Those who delivered the damning reports on the intimidation and violence that took place during the last election were, by and large, African observers, because they could get into the country to observe and others could not. If it is possible to obtain a wider range of observers, that is fine: I would strongly support such a development. However, there is clearly more traction politically when Africans from the region blow the whistle than there is for Europeans who do not live in the region year in, year out—notably those in this country—and who have colonial baggage. It is important to ensure that resources are available to enable observers from non-governmental organisations and other bodies in the region to get into the country, get there early, and start giving us their reports.

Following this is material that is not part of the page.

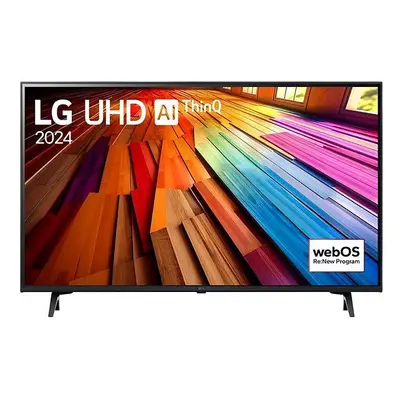 Televize 43" LG 43UT80003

The global political agreement was a fragile compromise. It was the best that could be delivered after the last election. However, it has provided a window of opportunity. Zimbabwe is not well governed under the unity Government, but it is governed a great deal better than it was under a ZANU-PF Government. The Ministries that are led by MDC Ministers are much better managed than those that are still led by ZANU-PF Ministers. I hope that the people of Zimbabwe will support the parties whose Ministers are delivering palpable improvements, and that they will be allowed to show that support in an election.
Does the hon. Gentleman, who is my colleague on the Select Committee, not recall that Zimbabwe’s Minister for Health and his permanent secretary were from different parties—the MDC and ZANU-PF—but they were working very effectively together as they had gone to the same school? People from the two parties are delivering results in some areas, therefore; it is just unfortunate that that is not apparent in many quarters.
I am glad to be reminded of that; yes, it is true. In order to create a good future for Zimbabwe, every opportunity must be capitalised on, and some people from the ZANU-PF political tradition have a great deal to contribute to the future of Zimbabwe.
The UK has always been a large donor. In 2003, we gave some $59 million to Zimbabwe, and by 2008 that had risen to $89 million, an increase of 50%. The right hon. Member for Gordon (Malcolm Bruce), the Chairman of the Select Committee, told the House that the figure has now risen to $100 million. When we were in Zimbabwe, we saw that aid being used to good purpose, such as in health care as both I and the hon. Member for Central Suffolk and North Ipswich have mentioned, and in humanitarian relief. A very small amount of aid goes to the Government to support two or three advisers in the office of the Prime Minister, but almost all the aid is channelled through the United Nations or non-governmental organisations as there is still not sufficient confidence to channel it through the Government of Zimbabwe. DFID ought now to be planning for that to change, so as to be ready to provide aid through the Government when conditions allow.
The global political agreement following the last, flawed, election set a timetable for the approval of the new constitution and stated that a fresh set of elections should be held after the constitution had been agreed. The process is behind time; consultation on the new constitution ended behind schedule, in October. The consultation process was flawed—the security forces were intimidating people—yet it provides a platform for elections to take place.
Robert Mugabe is threatening to end the global political agreement in February next year, prior to an election, because that is when it formally comes to an end. Our country, and other countries in the region, should be saying that the unity Government must continue until there has been a referendum on the new constitution, and if the referendum approves the new constitution, until there is an election. Any manoeuvring to force MDC Ministers out of the Government before an election would hinder a process through which a freer and fairer election could take place.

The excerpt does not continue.